ToK Essay Titles May 2020 Prompts 2 & 4 Part 1

ToKTutor • Oct 29, 2019

The ‘negative way’ of describing the divine: Part 1

via negativa
We’ve grown used to thinking about knowledge in binary terms, between which there seem to be sharp defining lines. Knowledge must be made up of ‘descriptions’ of things and ‘explanations’. Claims about the world are thought to be either ‘true’ or ‘false’. We categorise people as having either ‘knowledge’ or ignorance’. And while, sometimes eccentric people come along, like Socrates, and claim that the only thing he knows is that he knows nothing, there is a tradition of thought that exists on the boundary between knowing and not knowing; in a place and time described us ‘unknowing’.
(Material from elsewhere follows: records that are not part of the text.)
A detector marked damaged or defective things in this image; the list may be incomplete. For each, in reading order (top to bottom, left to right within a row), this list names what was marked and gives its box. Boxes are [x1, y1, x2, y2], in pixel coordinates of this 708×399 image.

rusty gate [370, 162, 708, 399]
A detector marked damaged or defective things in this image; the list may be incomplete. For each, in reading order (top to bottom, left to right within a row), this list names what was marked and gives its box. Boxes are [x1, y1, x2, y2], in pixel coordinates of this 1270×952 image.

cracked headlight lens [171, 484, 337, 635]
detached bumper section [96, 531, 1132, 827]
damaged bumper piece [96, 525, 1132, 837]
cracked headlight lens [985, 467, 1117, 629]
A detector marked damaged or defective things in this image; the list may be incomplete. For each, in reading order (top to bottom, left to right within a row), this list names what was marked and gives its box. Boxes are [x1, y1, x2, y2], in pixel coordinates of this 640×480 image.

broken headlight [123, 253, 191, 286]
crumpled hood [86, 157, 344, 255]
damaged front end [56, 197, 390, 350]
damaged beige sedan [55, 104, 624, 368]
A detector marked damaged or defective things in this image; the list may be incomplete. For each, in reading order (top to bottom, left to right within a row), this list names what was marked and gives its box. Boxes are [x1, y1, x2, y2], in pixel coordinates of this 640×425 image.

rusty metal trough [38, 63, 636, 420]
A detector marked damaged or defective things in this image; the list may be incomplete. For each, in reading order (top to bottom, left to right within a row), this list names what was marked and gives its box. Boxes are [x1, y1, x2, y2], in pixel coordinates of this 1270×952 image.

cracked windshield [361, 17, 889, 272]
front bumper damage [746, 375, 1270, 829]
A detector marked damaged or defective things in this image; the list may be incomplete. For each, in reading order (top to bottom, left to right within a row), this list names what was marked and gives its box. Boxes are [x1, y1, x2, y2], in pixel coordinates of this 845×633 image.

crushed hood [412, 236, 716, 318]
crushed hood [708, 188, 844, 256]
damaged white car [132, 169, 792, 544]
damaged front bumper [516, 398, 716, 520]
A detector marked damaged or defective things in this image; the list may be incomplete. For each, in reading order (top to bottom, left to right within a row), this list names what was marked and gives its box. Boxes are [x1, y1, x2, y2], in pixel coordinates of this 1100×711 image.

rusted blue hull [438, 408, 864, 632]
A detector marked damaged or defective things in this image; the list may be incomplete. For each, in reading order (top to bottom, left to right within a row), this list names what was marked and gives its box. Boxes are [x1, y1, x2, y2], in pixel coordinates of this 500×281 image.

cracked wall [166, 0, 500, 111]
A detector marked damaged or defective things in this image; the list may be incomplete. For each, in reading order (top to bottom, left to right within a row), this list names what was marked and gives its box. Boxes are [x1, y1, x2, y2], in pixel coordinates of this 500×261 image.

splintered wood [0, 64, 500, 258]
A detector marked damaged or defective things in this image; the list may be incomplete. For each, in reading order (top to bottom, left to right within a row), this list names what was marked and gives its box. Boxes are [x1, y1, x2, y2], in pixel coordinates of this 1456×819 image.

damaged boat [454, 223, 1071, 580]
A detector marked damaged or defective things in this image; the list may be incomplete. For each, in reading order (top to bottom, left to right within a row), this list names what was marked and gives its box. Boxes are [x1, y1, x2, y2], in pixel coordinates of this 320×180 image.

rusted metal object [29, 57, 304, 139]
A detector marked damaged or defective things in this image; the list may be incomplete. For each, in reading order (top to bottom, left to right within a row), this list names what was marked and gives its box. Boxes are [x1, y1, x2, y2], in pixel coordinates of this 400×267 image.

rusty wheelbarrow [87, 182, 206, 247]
In the context of monotheistic religious thinking – the Christian, Judaic and Islamic ideas of faith – there is a mystical approach to the idea of describing God known as the via negativa or ‘negative way’. There are two key assumptions that set the foundations of this ‘apophatic’ tradition or ‘negative theology’. First, God cannot be known through the limited language and rational mind of humans. We just don’t have the brainpower or words to encapsulate his limitless Being in a comprehensible way. And second, we can only know God’s Being by means of describing what he is ‘not’. The Greek word apophasis means ‘negation’ or in terms of the method of ‘negative theology’, the process by which we start to ‘un-know’ what we think we know about 'God'. Another sense is to think of the expression apo phasis, meaning literally ‘speaking-away’ or ‘unsaying’.

This line of thinking advances as follows. On the one hand, ‘unknowing’ is not the same as ‘not knowing’ or ‘unbelief’. It is an experience of the divine, not a rational or logical mode of arguing someone into a belief in God. To know God is to cleanse the mind of explanations, arguments and persuasions about what he is, in order to reach union with him. On the other hand, ‘unknowing’ is not the same as the ‘absence’ of knowledge since there is an ultimate goal which is to know God. However, to achieve knowledge of God by unknowing means to surrender the self to him. In this surrender, the self isn’t dissolved and doesn't lose its identity, but maintains an enhanced spiritual identity in its mystical union with God. To know God is to let go of one’s self or mind by synchronising it with him.

Now, the mystics realised that this creates a problem of langugage: in order to describe God’s being in terms of what he is not, we must still use our limited human concepts like ‘God’, ‘Being’, ‘not’ and the male pronoun ‘Him’. This aporia or dilemma is unavoidable. Already, in order to assert that ‘God is beyond all description’, we have labelled what is beyond all human labels, so the mystic would insist that we have already lost sight of the essential unknowability of the Divine. So how do we break out of this circularity?

One approach is to suggest that the apophatic language of negation or ‘unsaying’ must be balanced by its opposite, kataphatic language, in which positive descriptions are made of God. The Greek term kata phasis means ‘speaking with’ or ‘saying’ something in more affirmative terms. This process of affirming or ‘saying’ what God is and simultaneously ‘unsaying’ it is part of the discipline of reaching union with God. Of course, this leads to another aporia: the balancing ‘unsaying’ which negates the previous positive assertion about God is itself a ‘saying’ which needs to be unsaid. It is within this dialectical tension between affirmation and negation – the poles of kataphatic and apophatic language – between saying and unsaying that the mind is on the edge of knowing and not-knowing; it is in a state of unknowing and encounters what is beyond knowing, God. Somewhere, within the vortex of words and thought and feeling, the self is given a glimpse of the Divine, but it is so fleeting that it must be refreshed with ongoing acts of unsaying…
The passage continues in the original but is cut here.